Let the Chakmas live in peace; give them the respect they deserve

Border fencing: Fencing out Chakmas' happiness?
By- Paritosh Chakma

The situation in Mizoram of the Chakmas whose land have been acquired by the government to make way to border fencing along the Mizoram-Bangladesh border is very precarious at present.

As many as 35,438 Chakmas, i.e. 49.7% of the total Chakmas of Mizoram, would be displaced due to the India-Bangladesh border fencing. There have been great disparities in payment of compensations to the victims. In many areas, I have learnt, Chakmas have expressed their dissatisfaction with the compensation amount, which they say is very low. There were protests too but who cares when tribals protest in the remotest corners of the world where journalists would seem to be aliens for the locals because they haven’t seen any one in their lives.

Blame it on the extravagant habits of the tribals, majority of those who have received their compensation money are presently living in penury. It is back to the basic. These villagers had little in terms of material possession or wealth prior to the fencing money was doled out to them. But after nearly one year they have failed to save anything for their future and their children's future. Now, everything they had - the houses, land and other properties - had gone. Gone in the wind. They are penniless again as they were before. I hear that the price of rice in the villages is as high as Rs 20 per kg for those quality of rice which are priced about Rs 12 even in metros like Delhi, and poor are almost starving. They will be more prone to exploitation. Their lives and their children's lives will be more wretched than ever before. The catastrophe of the border fencing on their lives will be beyond their imagination.
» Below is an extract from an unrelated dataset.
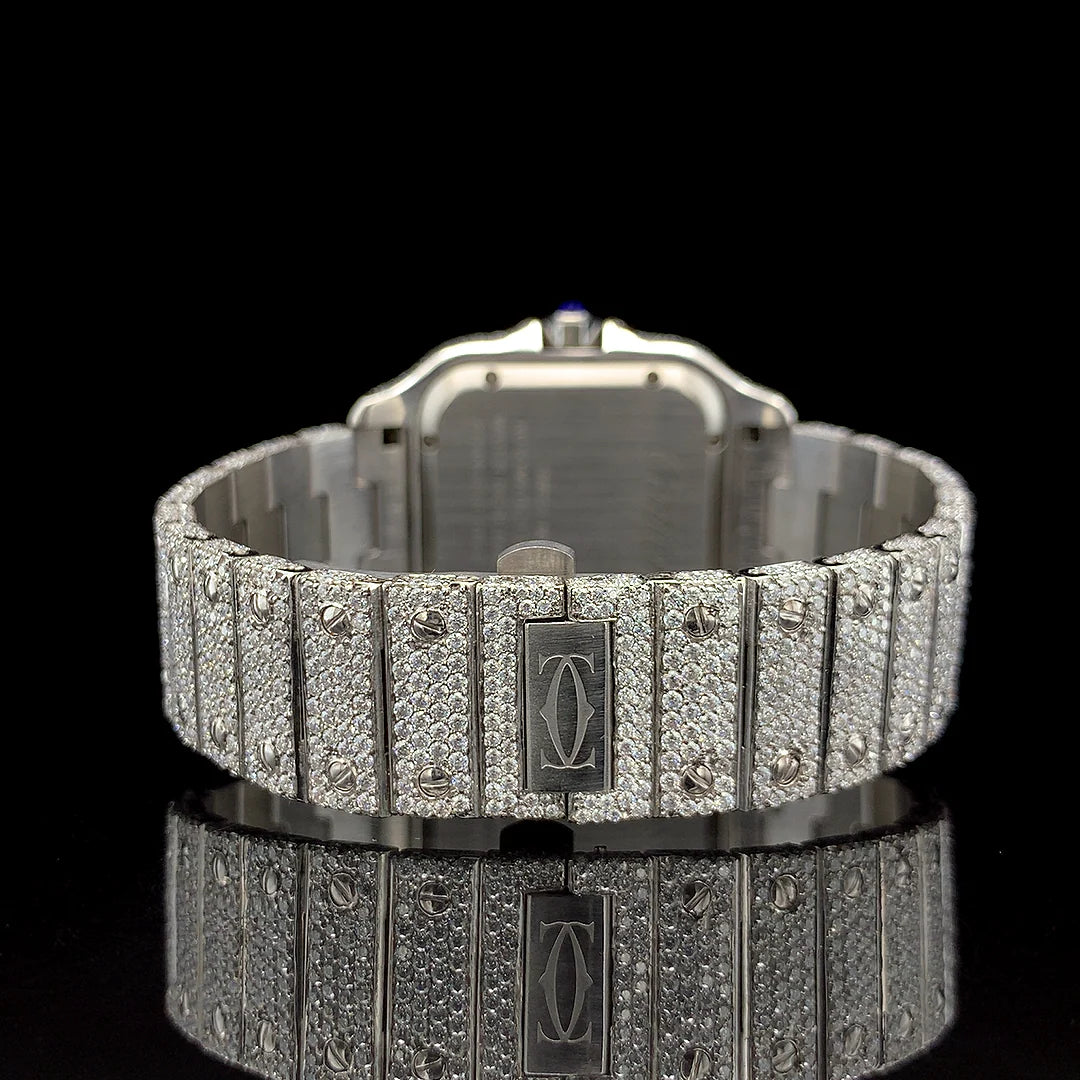 LUXURY CARTIER SILVER WITH ARABIC DIAL DIAMOND WATCH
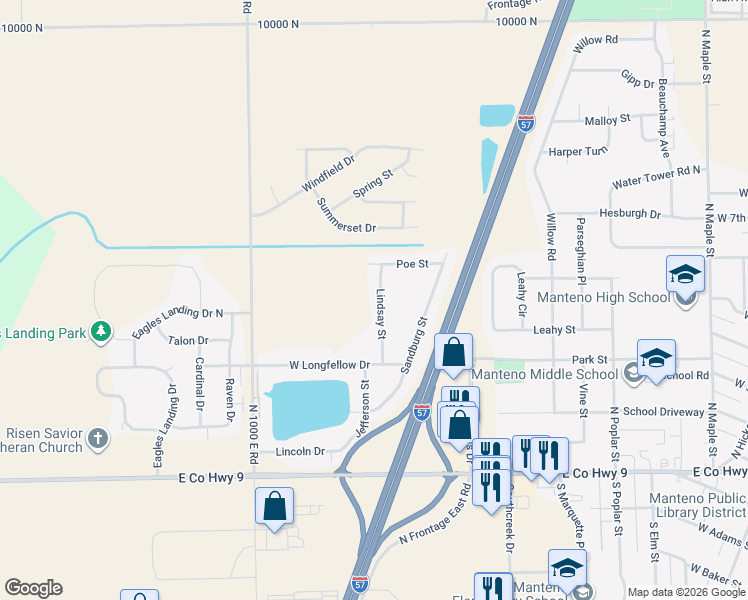 map of restaurants, bars, coffee shops, grocery stores, and more near 663 Lindsay Street in Manteno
This partly explains that wealth alone cannot make a nation or a society great and progressive.

“Not gold but only men can make
A people great and strong;
Men who for truth and honor's sake
Stand fast and suffer long."
--Ralph Waldo Emerson

It is ironic that there are people, even amongst the Chakma leaders, who think that the Chakma victims have been given more compensation than their deserved considering their barren land and broken huts. The land has no high market value while the fruit gardens are not too big to generate sufficient income and their huts are made of bamboos. So what? This is their land.

Their huts may be made of bamboos and may not fetch more than five thousand rupees if they sell to another villager. So what? The government must stop looking at them as saleable commodities.
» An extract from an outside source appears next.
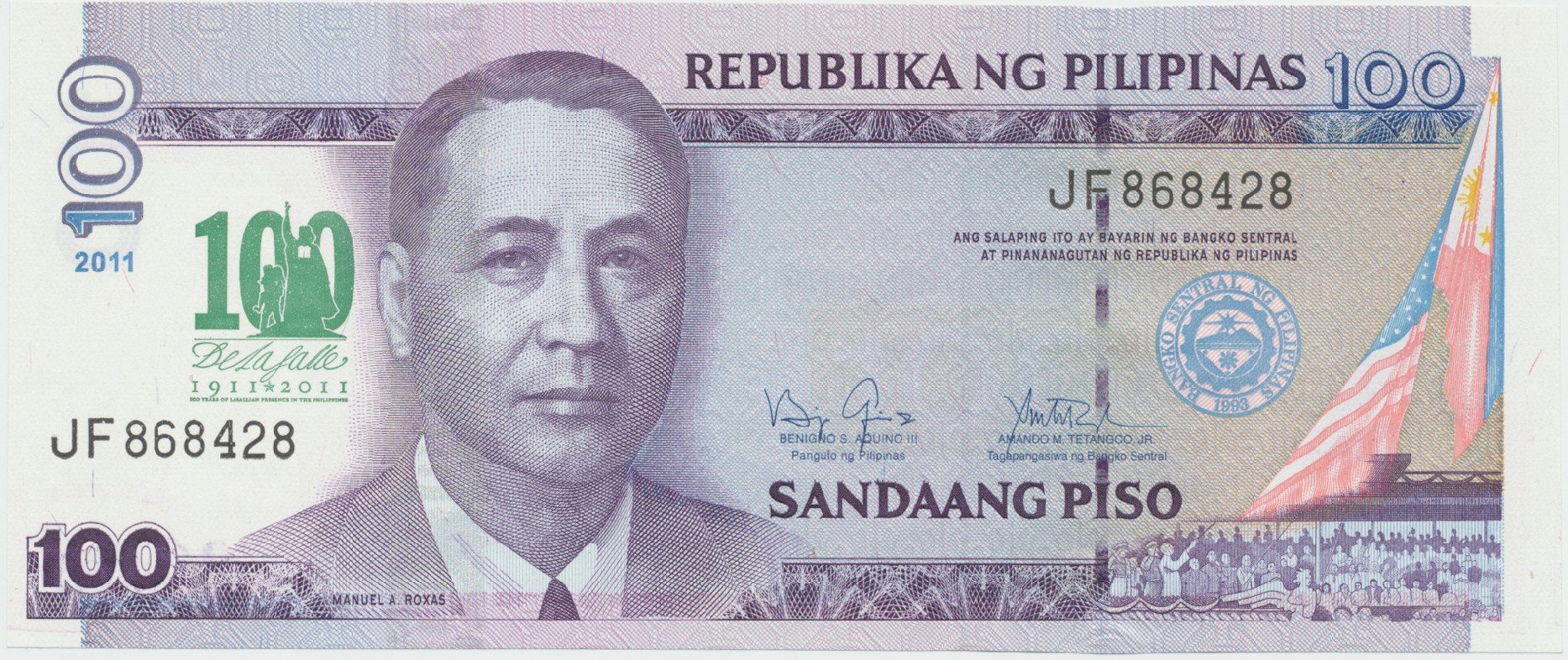 Filipíny, 100 Piso 2011, pamětní vydání, P.212A
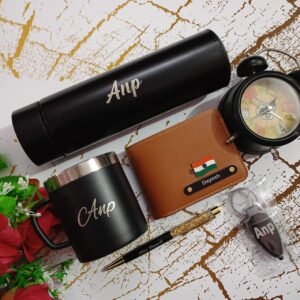 personalised mens wallet led keychain pen steel mug temperature bottle combo personalised gift combo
Are their lives without any value? The remorseless officials have seen only their broken houses and barren lands for which they have been paid some thousands of rupees – not their future which is totally uncertain; not the blank faces of the children who do not know where they will study after their schools have been demolished; not the pitiful faces of the women who do not know where they are going to set up the hearth of the family to cook something under a safe roof; not the faces of the men who feel helplessly ignorant as to how to feed so many hungry mouths in the household without any livelihood opportunity.

After their lands and houses have been either destroyed or acquired by the government under the Land Acquisition Act of 1894, the state Home Department has stated that the government did not consider the out-fenced Chakmas as displaced. It is a bolt from the blue for the Chakma victims.
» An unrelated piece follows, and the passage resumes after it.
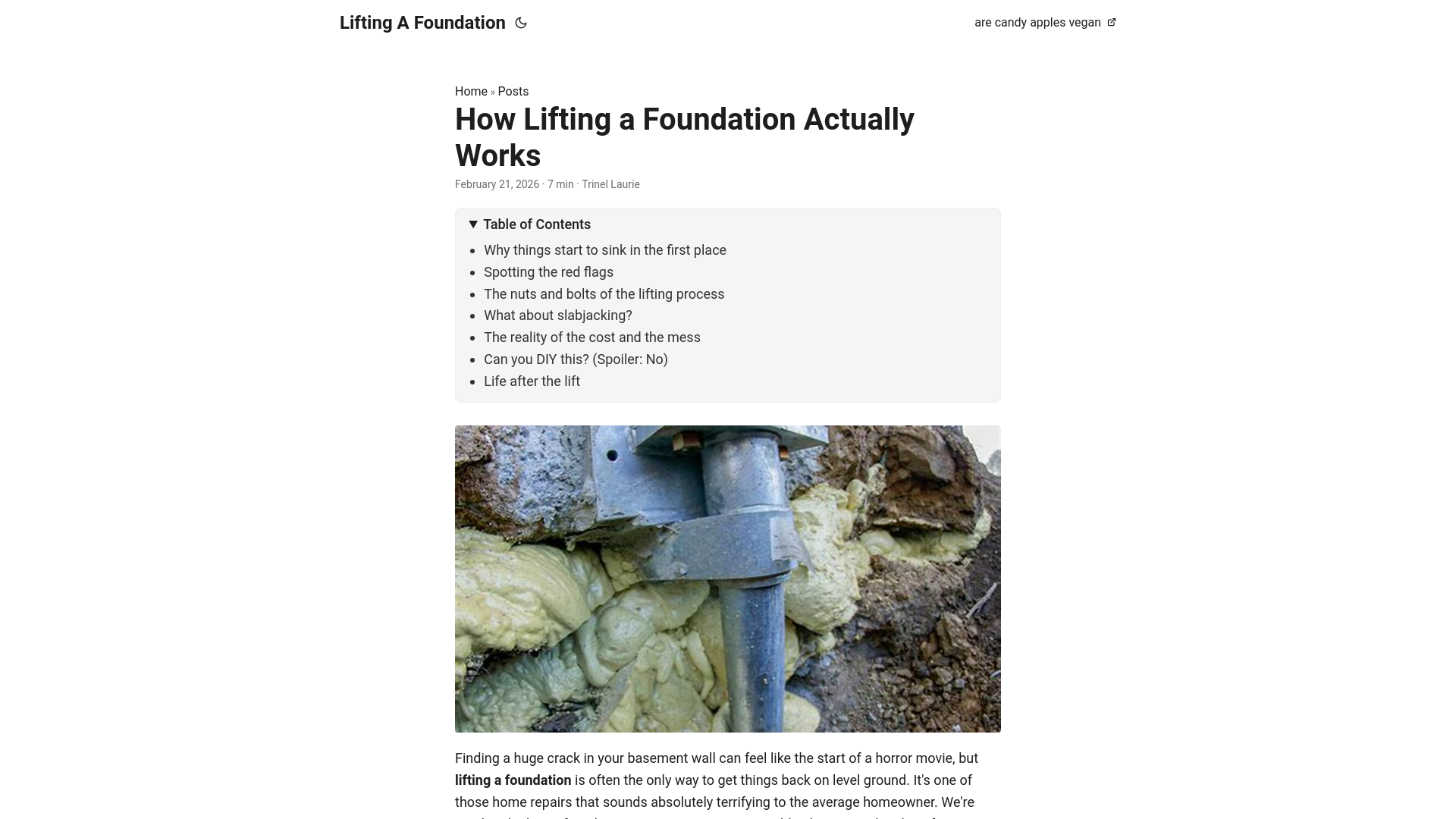 website screenshot of https://lifting-a-foundation.pages.dev/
There is no plan to rehabilitate the displaced Chakmas who form about half of the state’s Chakma population.

On the other hand, the Border Security Force (BSF) personnel guarding the border have reportedly been preventing the villagers from constructing new houses or even to repair their broken houses. The Chakma houses in the villages are made of bamboo and the houses needed repair after every three or four years. Those trying to repair their house roof to prevent water coming in during this rainy season have been warned by the BSF personnel! Due to fear of the BSF the villagers have been forced to live in broken houses.

The Chakmas have been caught between the devil and the deep blue sea. While the state government is not willing to rehabilitate them, our sentinels of the border are preventing the villagers from repairing their own homes.

I do not understand simply what is going on? Why are the state and its machineries who are to look after our well being trying to intimidate the Chakmas, who in the first place gave away their lands to build a fortress- like barbed wire fencing to protect India’s freedom, without any protests? Today, Chakma victims do not have freedom even to build fences around their own homes or put a bamboo on the roof without fear of assault or arrest. If this is the way peace loving citizens are treated in the largest democracy of the world, then I am sorry.

This cannot go on.

The Ministry of Home Affairs, and the state government of Mizoram must ensure that all the displaced persons – whether they are Chakmas or Mizos - must be properly and fully rehabilitated with due respect and dignity. They should enjoy all the human rights and fundamental freedom as enshrined in the Constitution of India, in various laws of the land and international laws.

Let them decide their own future. Let them taste the fruits of India’s development. Give them all the respect they deserve as equal citizens of this country. More importantly, let them live in PEACE.

1 comment:

david said...

The plight of the chakma victims who were evicted out of their lands is very high.Its very sad that chakma people are the ones who have been suffering right from the partion of india and pakistan. And now it is the fencing thing that is making them miserable. The chakma villagers are not ensured of a rehabilation site.
If the onlookers don't have sympathy then the victims are on the verge of disaster. It is sad that the innocent are always the downtrodden.